Image-caption web data:

= Beginning of Section =

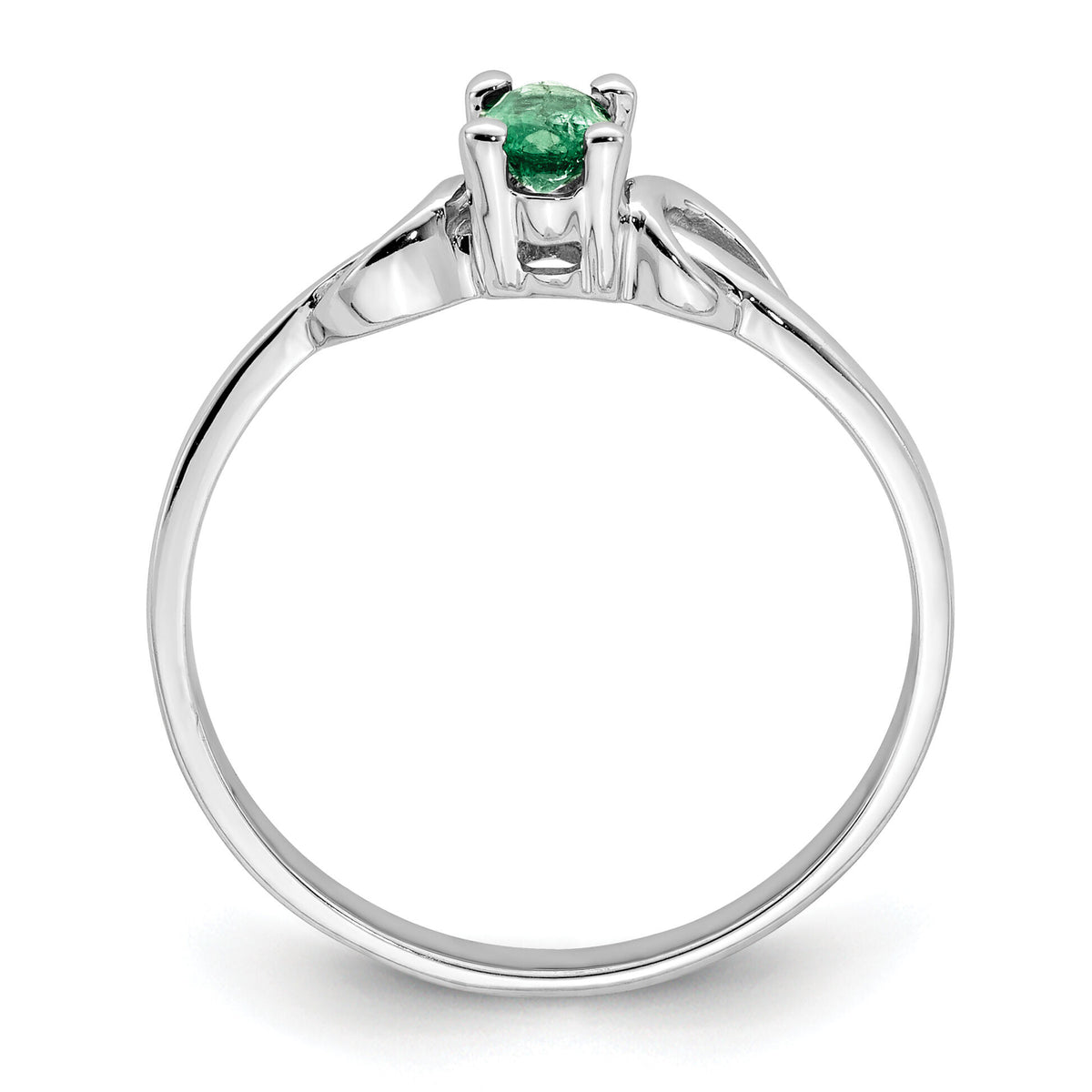 14k White Gold 5x3mm Oval Emerald ring-Y4651E
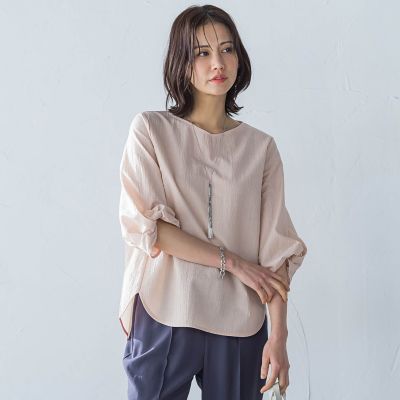 ＜LAUTREAMONT (Women)＞フォルムスリーブＶネックカットソー≪洗濯機で洗える≫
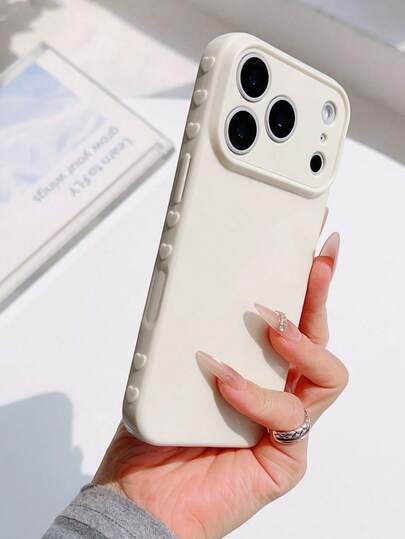 Ốp lưng điện thoại TPU màu trơn, họa tiết trái tim 3D đơn giản, phù hợp với 17/16/15/14 Pro Max.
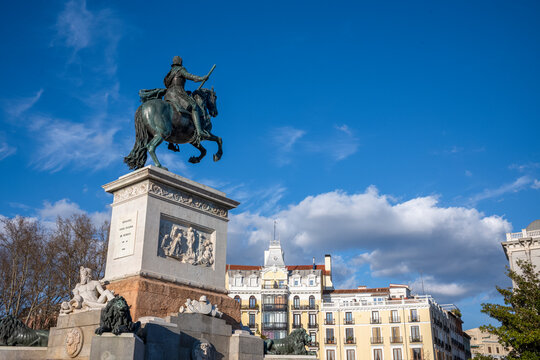 Statue of Felipe IV on horseback in Plaza de Oriente, near the Palacio Real, Madrid, Spain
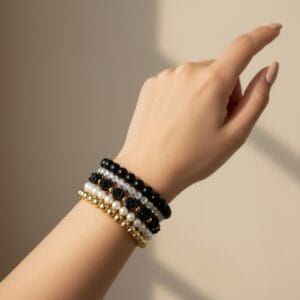 Black Bead Bracelet for Women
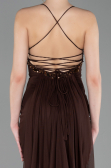 Long Brown Satin Prom Gown ABU6152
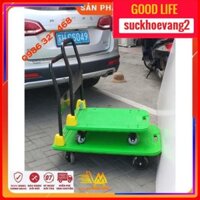 [FreeShip- Loại 1 Tốt Nhất] Xe Kéo Hàng, Xe Đẩy Hàng 4 Bánh Maxkiwi PT0089 Mẫu Mới- Bánh Xe Chống Ồn, Tay Đẩy Gấp Gọn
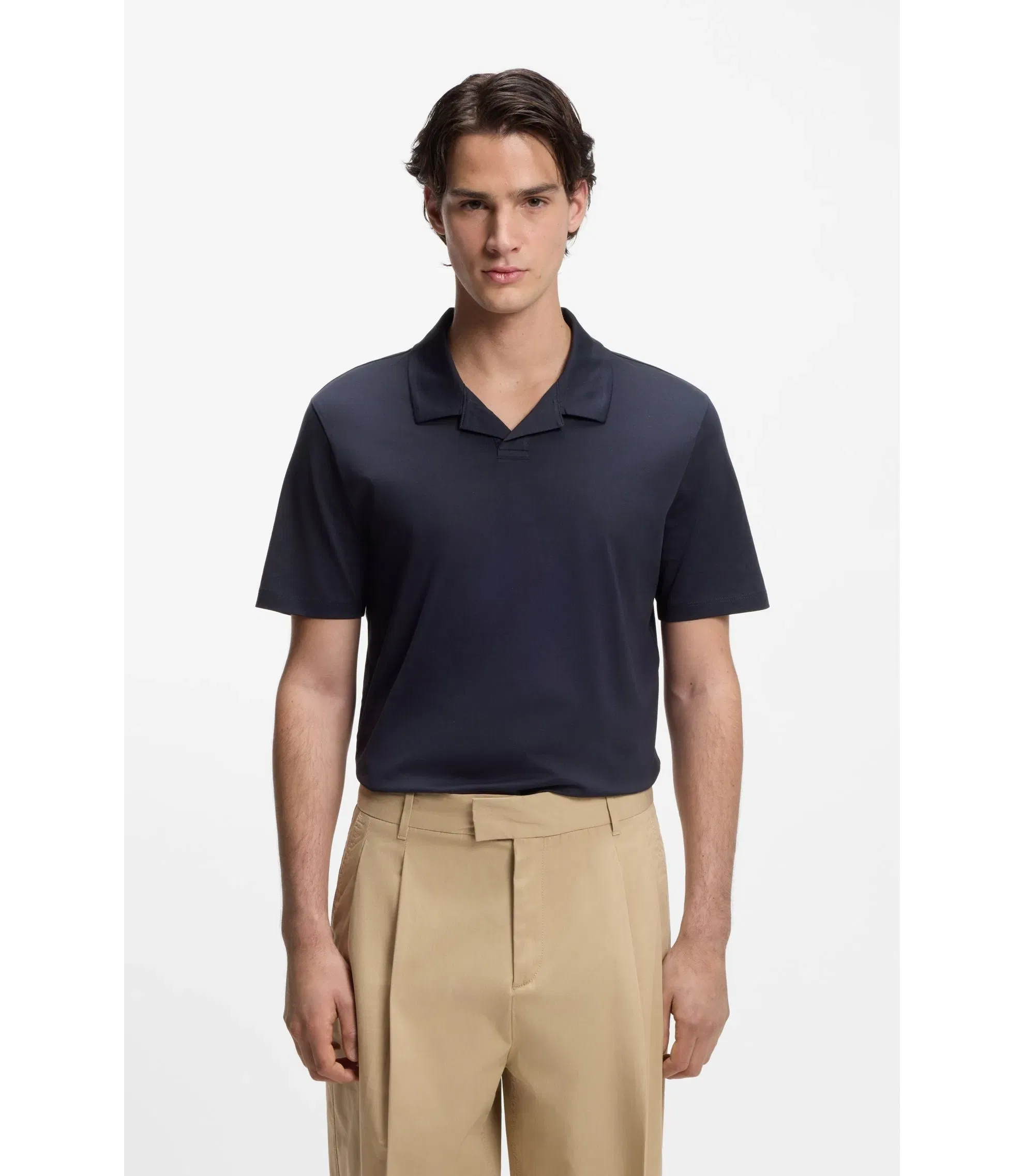 Hugo Johnny Collar Slim Fit Polo Shirt In Stretch Cotton Dark Blue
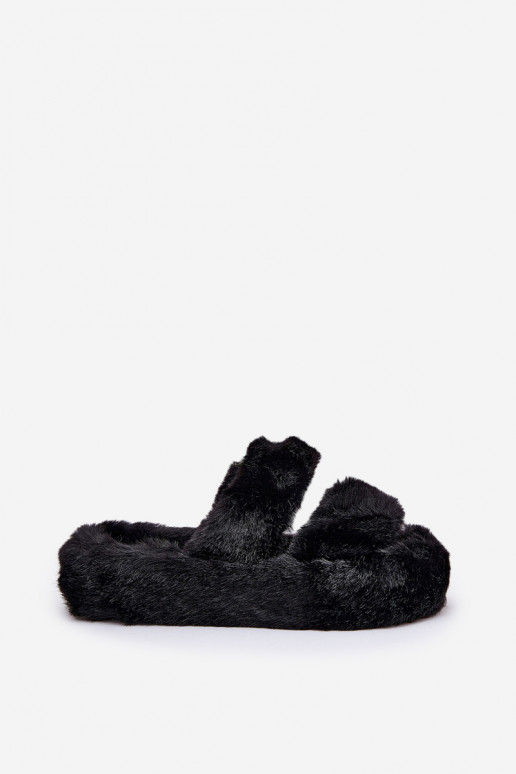 avec un manteau de fourrure Chaussons Féminin avec une plateforme couleur noire Talfedi avec un manteau de fourrure Chaussons Féminin avec une plateforme couleur noire Talfedi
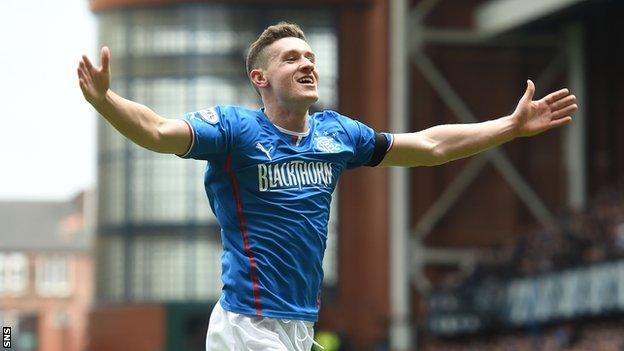 Fraser Aird celebrates his goal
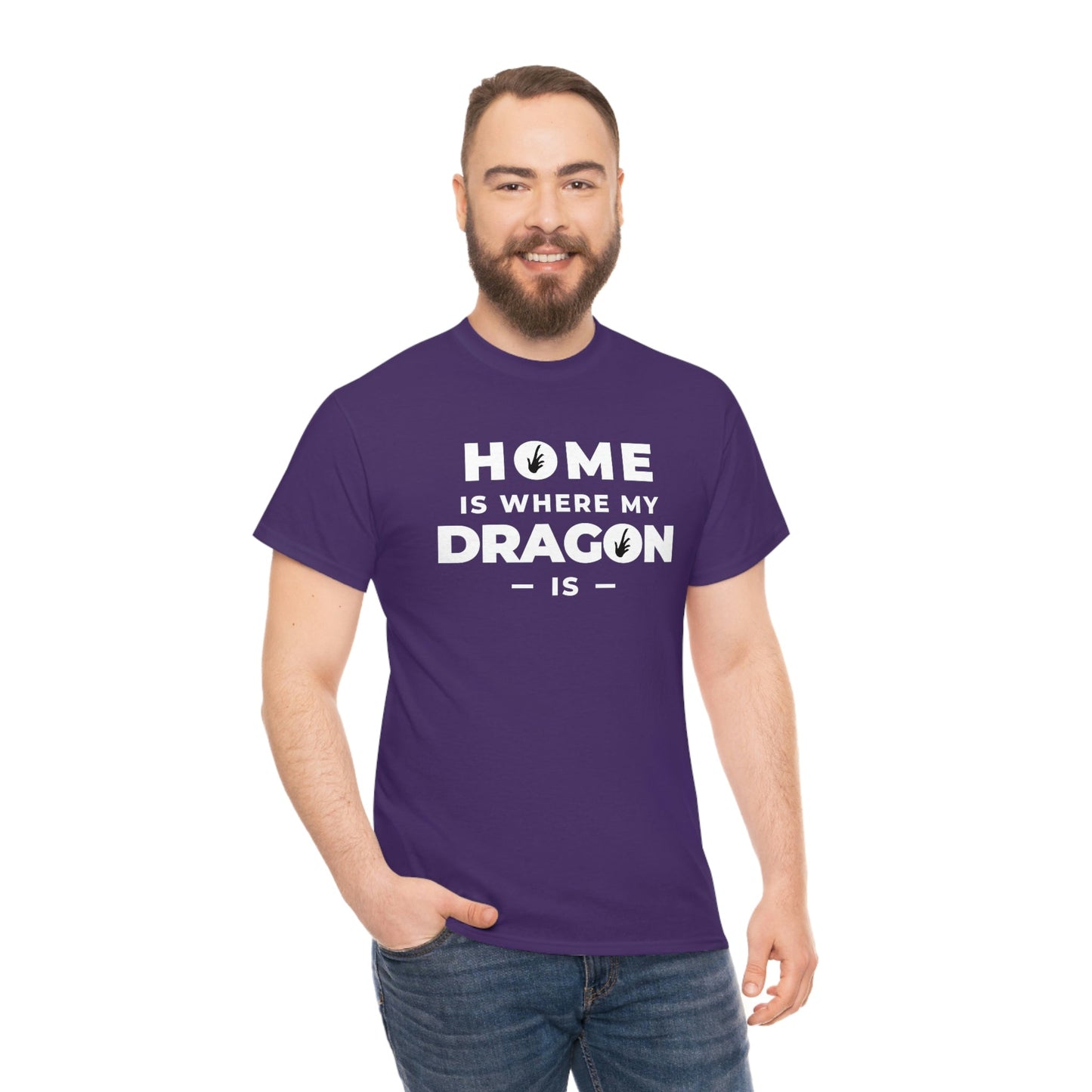 Home is Where My Dragon Is Heavy Cotton T-Shirt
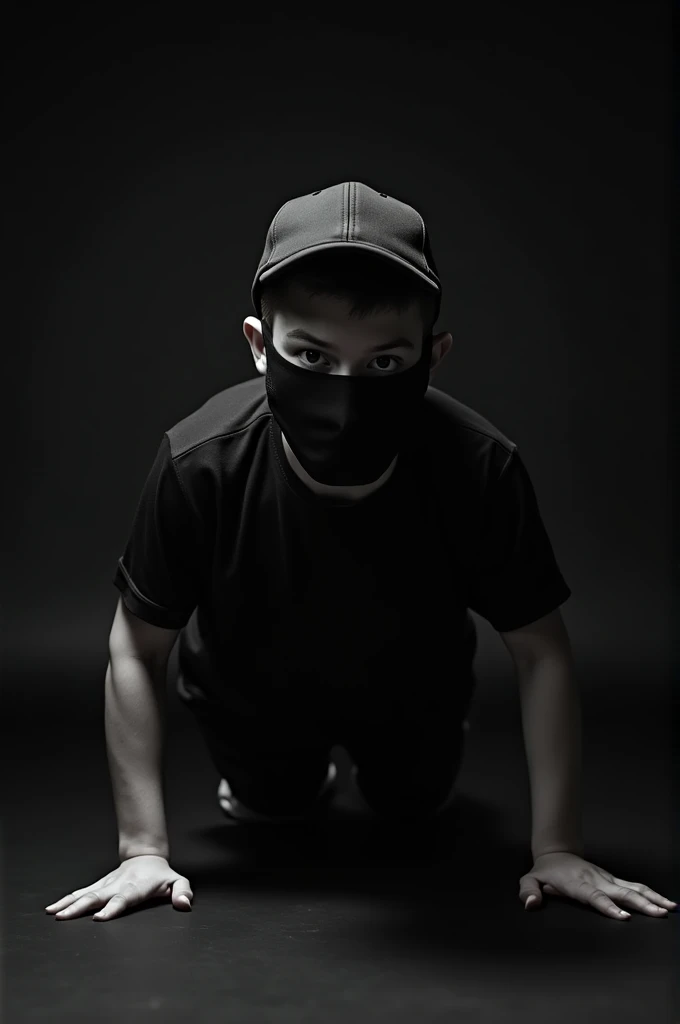 A Boy Wearing Black Aesthetic Mask And A Black Cap Doing One Finger Pushup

= End of Section =

__EXERCISE BRIEF__
Give back exactly the lines from the line with "[FreeShip- Loại 1" through the end of the records, both included; keep all pictures out.

__ANSWER FOR THIS EXERCISE__
 [FreeShip- Loại 1 Tốt Nhất] Xe Kéo Hàng, Xe Đẩy Hàng 4 Bánh Maxkiwi PT0089 Mẫu Mới- Bánh Xe Chống Ồn, Tay Đẩy Gấp Gọn
 Hugo Johnny Collar Slim Fit Polo Shirt In Stretch Cotton Dark Blue
 avec un manteau de fourrure Chaussons Féminin avec une plateforme couleur noire Talfedi avec un manteau de fourrure Chaussons Féminin avec une plateforme couleur noire Talfedi
 Fraser Aird celebrates his goal
 Home is Where My Dragon Is Heavy Cotton T-Shirt
 A Boy Wearing Black Aesthetic Mask And A Black Cap Doing One Finger Pushup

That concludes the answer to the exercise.